Dr. Luka Ilić, who previously worked at the Institute of Physics Belgrade, is now part of the Atmospheric Composition Group at the Barcelona Supercomputing Center (BSC), where he investigates the global movement and climate impact of desert dust using advanced high-performance computing (HPC) systems.
In a recent interview, Dr. Ilić explained that his research focuses on atmospheric composition, with a special emphasis on mineral dust originating from deserts. "My research is related to atmospheric composition, but specifically to dust in the atmosphere... the dust that comes from the desert, sand and dust particles lifted by the winds that get the chance to travel around the world and have many interactions with our climate system", he said. This interdisciplinary work combines atmospheric physics, chemistry, remote sensing, and large-scale numerical modelling.
At BSC, Dr. Ilić and his colleagues study the mineralogy and behavior of dust particles, including work connected to the NASA EMIT mission, which provides detailed satellite observations of surface mineral composition. Their research seeks to understand how different mineral types influence radiation, cloud formation, and broader climate processes. BSC also plays an important operational role as a World Meteorological Organization Regional Center for Dust Forecasting, providing real-time dust and sandstorm warnings. As Dr. Ilić noted, "We provide operational forecasts of dust, warnings of sand and dust storms, and we do a lot of research on different areas of dust interactions in the atmosphere".

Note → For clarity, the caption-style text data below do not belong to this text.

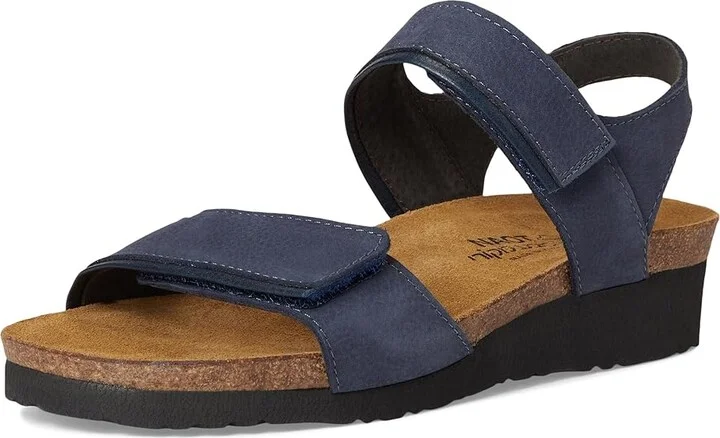 Naot Aisha - Wide Women's Shoes Navy Velvet Nubuck/Ink Leather : EU 43 (US Women's 12) M - Image 5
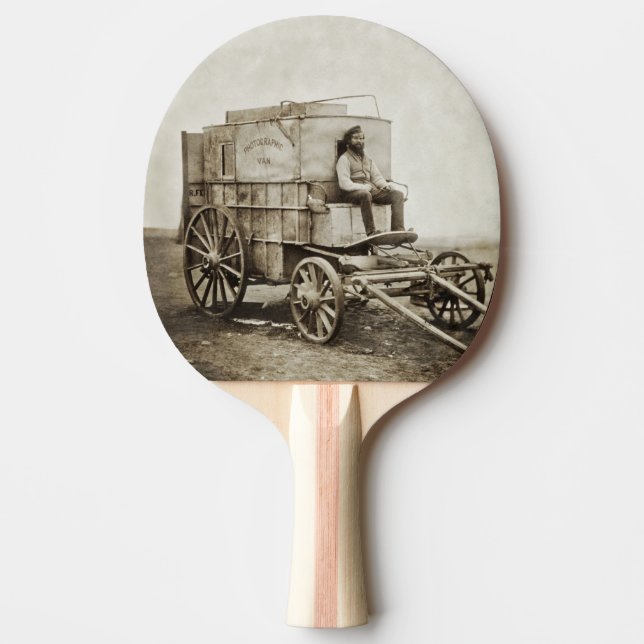 Raquette De Ping Pong Photographie Wagon de Roger Fenton Photo Réalisme (Devant)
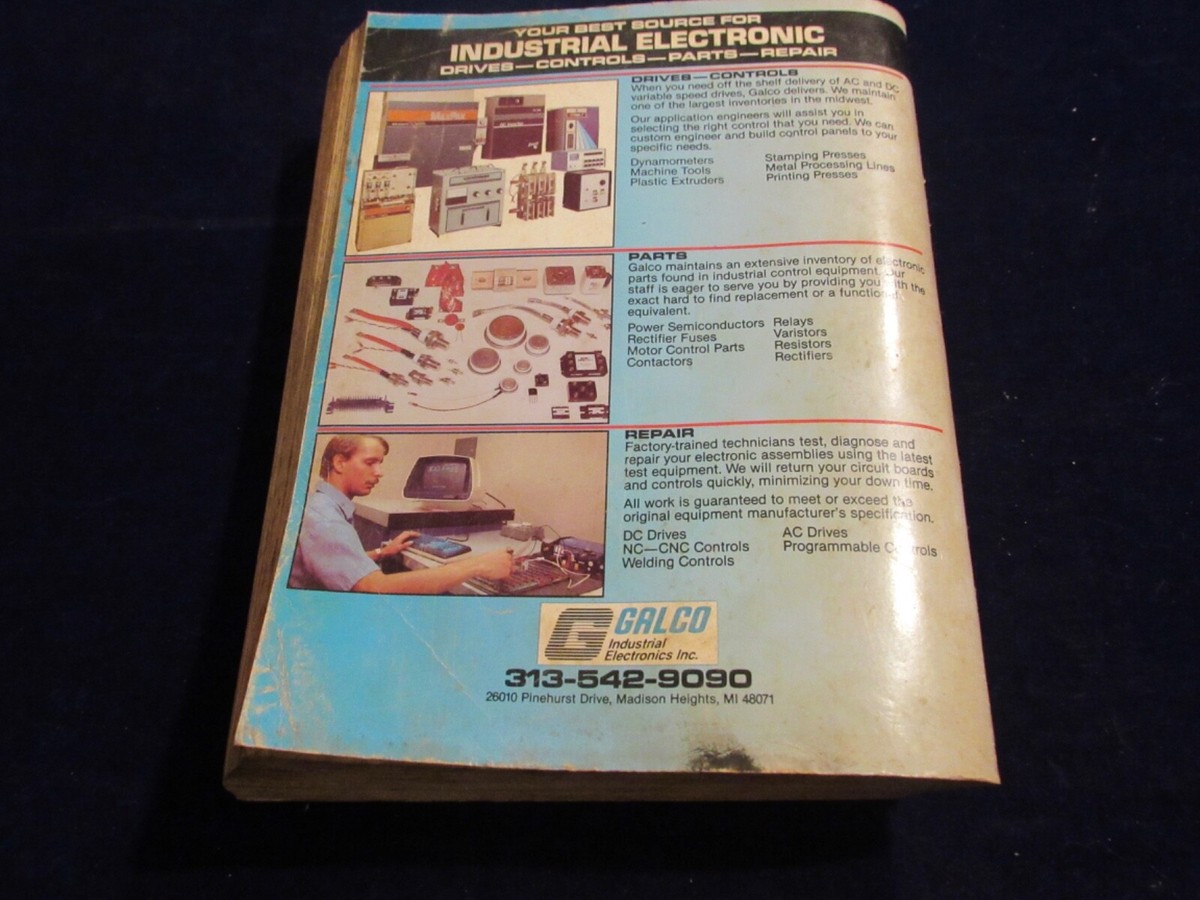 Vtg 1988 Ameritech Industrial Yellow Pages Michigan HUGE 1235pg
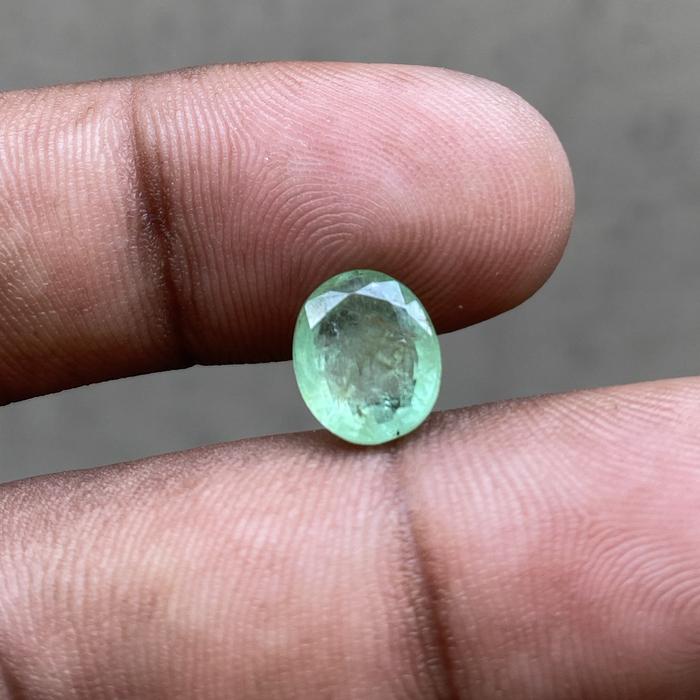 Batu Zamrud Colombia Natural Columbian emerald jamrud Ethiopia CT 2.45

He emphasized the historic and ongoing importance of HPC in meteorology and climate science. "Weather and climate research has historically been linked with the development of supercomputers", Dr. Ilić said, recalling early efforts when weather prediction required teams of mathematicians performing calculations by hand. With the advent of supercomputers, these processes became scalable and increasingly precise. "Since the middle of the 20th century, we have always been going in parallel with the development of high-performance computing", he added.
Today, HPC systems like those at BSC are indispensable for operational weather forecasting, air-quality prediction, and climate-change scenario modelling. The complexity of modern climate and atmospheric chemistry models, which simulate fine-scale physical and chemical processes, demands massive computational power. "These HPC resources are used daily—we see the results in weather apps, in the forecasts on television, and in the climate scenarios that help us understand what kind of changes we can expect", Ilić explained.
Through his work at BSC, Dr. Ilić continues to contribute to a global scientific effort that relies on supercomputing to improve our understanding of the atmosphere and to support societies facing increasingly complex environmental challenges.